In this study, we focused on multi-class imbalance problem in crash severity forecasting using data from the NASS-GES. Given the significant imbalance in the dataset, where Serious and Fatal injuries account for only 239 and 31 cases respectively, compared to substantially higher counts in the other three classes, fitting algorithms directly to this data with Serious and Fatal injuries as separate classes could lead to underrepresentation of these minority classes. To address this issue, we combined the Fatal injury class with the Serious injury class during the analysis and fitting of algorithms. In our study, crash severity was aggregated into four categories: No Injury, Possible Injury, Minor Injury, and Serious Injury.
Additionally, the dataset was split into training/validation (70%) and test sets (30%) to ensure consistent analysis and prediction accuracy. This partitioning enabled us to thoroughly test and validate the performance of our models, ensuring they are reliable and accurate for crash severity forecasting. We evaluated the performance of our models’ using precision, recall, F1-score and G-mean score, along with the confusion matrix and AUC-ROC curve. Notably, we utilized Ensemble Imbalance Learning (EIL) as the base classifiers for the Dynamic Ensemble Selection for Multi-class Imbalance (DES-MI) model in our multi-class crash severity analysis. We separately assessed the performance of the base classifiers and the DES-MI model with EIL classifiers, employing both homogeneous and heterogeneous pools of base algorithms.
The primary objective of this study is to leverage and evaluate the performance of Ensemble Imbalance Learning (EIL) classifiers in conjunction with the Dynamic Ensemble Selection for Multi-class Imbalance (DES-MI) method.

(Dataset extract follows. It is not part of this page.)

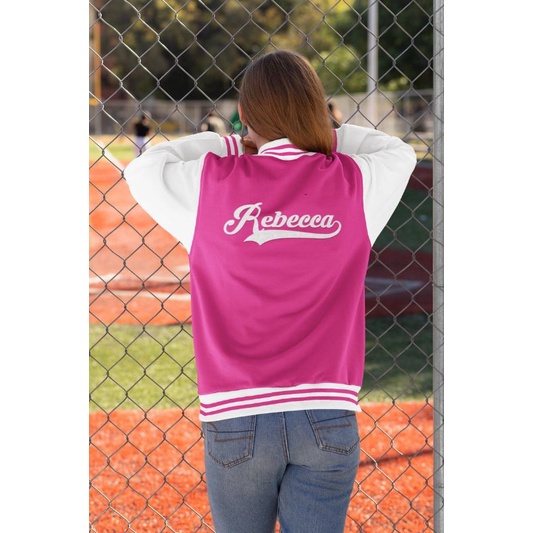 S - XXXXXL(6XL) Jaket Varsity BIGSIZE [CUSTOM NAMA+ WARNA] Jaket Bomber (VARSITY KANCING/ ZIPPER) Sport Baseball  basketball For Men Women Couple Jumbo Polos Basic Oversized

To assess their robustness and effectiveness in addressing multi-class imbalance, we also incorporated widely recognized traditional data balancing techniques, including SMOTE, SMOTE Tomek, SMOTEENN, and ADASYN, employing a Bagging Classifier as the foundational model for DES-MI. The Bagging technique facilitates the construction of a diverse ensemble of classifiers by randomly selecting different subsets of the training data for each classifier’s training53. This methodological approach enables a comparative analysis of EIL classifiers against these established data handling techniques, thereby demonstrating how EIL can surpass alternative strategies in effectively managing multi-class imbalance.
Performance evaluation of EIL strategies
The evaluation of advanced Ensemble Imbalance Learning models, including BRF, RBC, OBC and SPE, was initially performed as standalone models. Subsequently, these algorithms were employed as base estimators for the DES-MI model. Although the standalone models demonstrated adequate performance in addressing class imbalance when applied to the imbalanced dataset, the prediction performance improved when used as base estimators for the DES-MI model.
Given the high degree of data imbalance, classifier models may struggle to accurately predict the minority classes. Therefore, confusion matrices for each classifier are provided, and performance metrics focusing on each class are considered measures of their efficiency. Figure 5(a–d) presents the confusion matrices and AUC-ROC curves for the standalone EIL models.
Figure 5 illustrate the Confusion Matrices and AUC-ROC Curves for EIL algorithms, representing (a) for BRF model, (b) the RBC model, (c) OBC Model and (d) the SPE model, highlighting the performance for each class.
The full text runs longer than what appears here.